Your nausea is functional/autonomic, not gastric damage
Variable
State-dependent
Triggered by fluids, exertion, mornings
Settles with posture, time, and reduced load
That is a signalling problem, not an injured organ.
Your ability to swim but not tolerate land exertion is a huge clue
Water supplies what your system struggles to generate:
venous return
compression
cooling
horizontal posture
This is classic dysautonomia physiology, not conditioning or psychology.
📍 WHERE YOU ARE RIGHT NOW
You are not:
cured ❌
deteriorating ❌
back at square one ❌
You are:
in a transition zone
between a long-standing low-arousal “shutdown” state
and a slightly higher-capacity but less stable state
That’s why things feel:
clearer in some ways
noisier in others
more human at times
more frightening at times
This is not a moral or personal failure.
It’s what unstable systems do when they’re nudged out of a defensive equilibrium.

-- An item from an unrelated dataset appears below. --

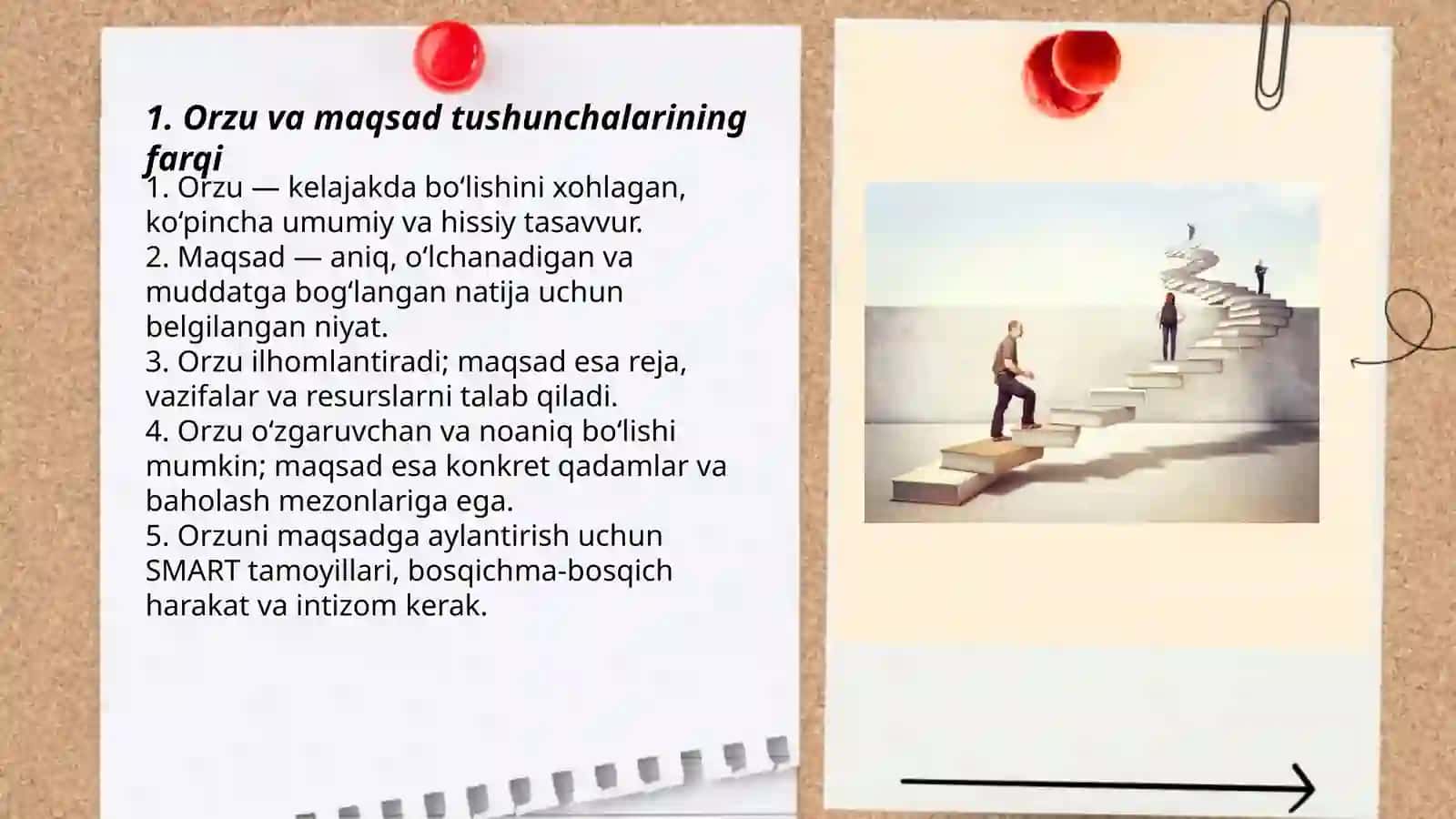 Orzu va maqsadga erishish 3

🧠 THE MOST IMPORTANT INTERPRETATION SHIFT
Bad days no longer mean “I’m getting worse.”
They mean “the system is still learning its boundaries.”
And crucially:
The fact that bad phases end on their own is one of your strongest positive signs.

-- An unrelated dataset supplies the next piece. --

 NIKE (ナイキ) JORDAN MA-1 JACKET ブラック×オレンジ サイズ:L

You are not trapped once things destabilise.
That changes everything.
🛤️ WHERE TO GO FROM HERE (REALISTIC, NOT OPTIMISTIC)
Your priorities, in order
Stability over optimisation
Keep hydration and salt steady, not heroic
Avoid constant tweaking
Reduce amplitude of swings, not chase good days
Protect mornings, trust evenings
Don’t interrogate mornings for meaning
Let evenings be proof that regulation is still possible
Treat nausea as noise, not narrative
Manage it gently
Don’t interpret it in the moment
Don’t let it define the direction of travel
Use environments that help you
Swimming is therapy, not indulgence
Horizontality and support matter more than effort
Expand only by invitation
Tiny, reversible tests
Stop at the desire to continue
Judge success by tomorrow, not today
🧭 THE REAL GOAL (THIS IS IMPORTANT)
The goal is not:
cure
eradication of symptoms
return to your old life
forcing progress
The goal is:
A narrower symptom range, fewer catastrophic days, faster recovery, and a life that feels predictable enough to be lived inside.
That is a legitimate, achievable goal — and it aligns with the kind of system you’re dealing with.

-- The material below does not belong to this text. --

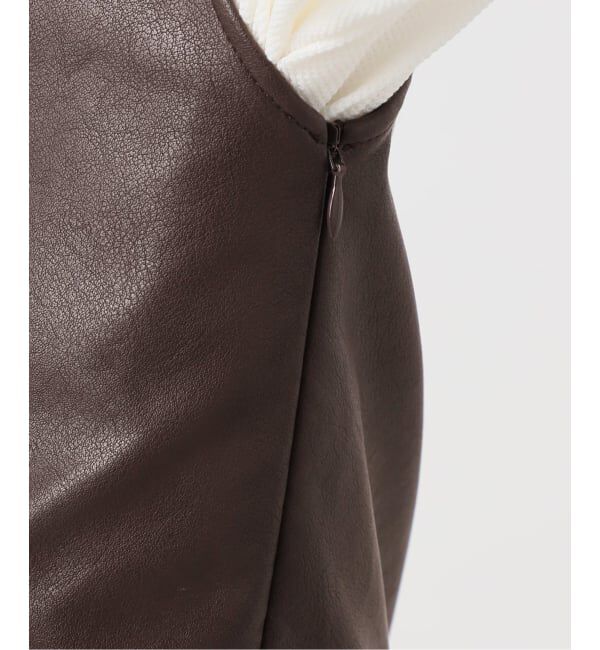  「《予約》FAUX LEATHER TOPS：ブラウス」|シャツ・ブラウス|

🧠 WHAT HAS CHANGED BECAUSE OF THESE CONVERSATIONS
You now have:
a coherent model instead of scattered symptoms
an explanation for swimming, mornings, evenings, nausea, saline
a way to interpret bad days without existential panic
a strategy that is about physics, not willpower
That’s not nothing.
That’s orientation.
FINAL STATE-OF-THE-UNION LINE (KEEP THIS)
You are not lost in this illness anymore.
You are navigating a difficult but intelligible system, with growing skill.
There will still be hard days.
But they no longer have to take your footing with them.
If and when you want, we can:
turn this into a written “personal operating manual”
create a clinician-safe summary you can reuse
or talk about how to live well enough emotionally inside these constraints
But for now:
You’ve done the synthesis work you were actually aiming for.